It isn't "corporate media" - it's capitalist media
New reporting from Semafor gives us our clearest picture yet of how big money shapes modern media.
It has been more than thirty years since the term “corporate media” first took hold in left political discourse. The first time I encountered it was in 1999 during the Seattle WTO protests; Indymedia, one of the more significant radical publishing forums of that era, emerged during the protests “to generate alternatives to the biases inherent in the corporate media controlled by profit”. Critiques of corporate media were a staple of Ralph Nader’s 2000 campaign as well. Of course NBC’s coverage of Nader was biased — it was a subsidiary of General Electric!
In those days the relationship between capital and the media was relatively simple. Most of the media was either controlled by a few major corporate conglomerates or in the process of joining one of them. Those conglomerates, in turn, were significantly (and often wholly) reliant on the sponsorship of major profit-seeking corporations. Accordingly, the “corporate media” had a systematic business interest in shutting out political perspectives that were hostile to the bottom line of corporate America.
Thirty years ago, the left critique of corporate media gave us profound insight into the structure of capitalism’s ideological apparatus.

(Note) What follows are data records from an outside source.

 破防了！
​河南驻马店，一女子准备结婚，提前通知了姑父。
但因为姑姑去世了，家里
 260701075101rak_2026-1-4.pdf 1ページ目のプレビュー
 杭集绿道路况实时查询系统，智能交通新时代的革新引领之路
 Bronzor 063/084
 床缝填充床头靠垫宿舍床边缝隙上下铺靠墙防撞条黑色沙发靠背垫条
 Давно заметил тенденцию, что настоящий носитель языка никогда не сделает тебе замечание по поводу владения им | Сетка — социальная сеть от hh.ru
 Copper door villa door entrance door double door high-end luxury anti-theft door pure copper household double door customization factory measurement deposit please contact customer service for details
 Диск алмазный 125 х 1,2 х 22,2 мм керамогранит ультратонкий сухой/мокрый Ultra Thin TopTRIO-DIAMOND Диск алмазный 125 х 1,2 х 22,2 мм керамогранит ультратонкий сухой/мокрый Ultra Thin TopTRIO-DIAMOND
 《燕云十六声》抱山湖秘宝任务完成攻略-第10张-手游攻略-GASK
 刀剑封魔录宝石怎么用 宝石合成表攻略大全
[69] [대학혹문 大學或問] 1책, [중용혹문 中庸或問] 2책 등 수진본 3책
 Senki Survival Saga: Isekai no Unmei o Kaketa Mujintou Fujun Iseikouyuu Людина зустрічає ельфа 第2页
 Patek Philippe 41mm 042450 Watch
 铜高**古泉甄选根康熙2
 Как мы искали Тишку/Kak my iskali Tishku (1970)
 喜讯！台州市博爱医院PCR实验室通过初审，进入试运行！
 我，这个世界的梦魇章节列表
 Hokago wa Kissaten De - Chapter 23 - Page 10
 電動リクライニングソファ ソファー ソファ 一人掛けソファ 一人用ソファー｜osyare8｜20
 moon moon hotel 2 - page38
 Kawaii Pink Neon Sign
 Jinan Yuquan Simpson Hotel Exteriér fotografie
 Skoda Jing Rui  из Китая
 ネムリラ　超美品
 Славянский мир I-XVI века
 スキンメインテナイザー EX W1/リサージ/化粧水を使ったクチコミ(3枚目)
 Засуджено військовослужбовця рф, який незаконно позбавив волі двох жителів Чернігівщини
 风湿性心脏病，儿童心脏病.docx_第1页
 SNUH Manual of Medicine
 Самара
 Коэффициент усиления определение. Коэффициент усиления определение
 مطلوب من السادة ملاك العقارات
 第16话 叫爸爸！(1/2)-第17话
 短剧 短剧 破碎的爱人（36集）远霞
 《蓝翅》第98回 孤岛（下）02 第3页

But that was thirty years ago.
In the decades since, the media has undergone profound transformations. The internet in particular has often been a genuinely democratizing force, first during the Age of Blogs (Web 1.0) and then during the Age of Social Media (Web 2.0). But in both cases, capital has labored mightily to reassert its control of mass media. And capital’s strategies have changed, the critique of “corporate media” has not only lost its relevance — it has become a red herring that capital uses to its advantage.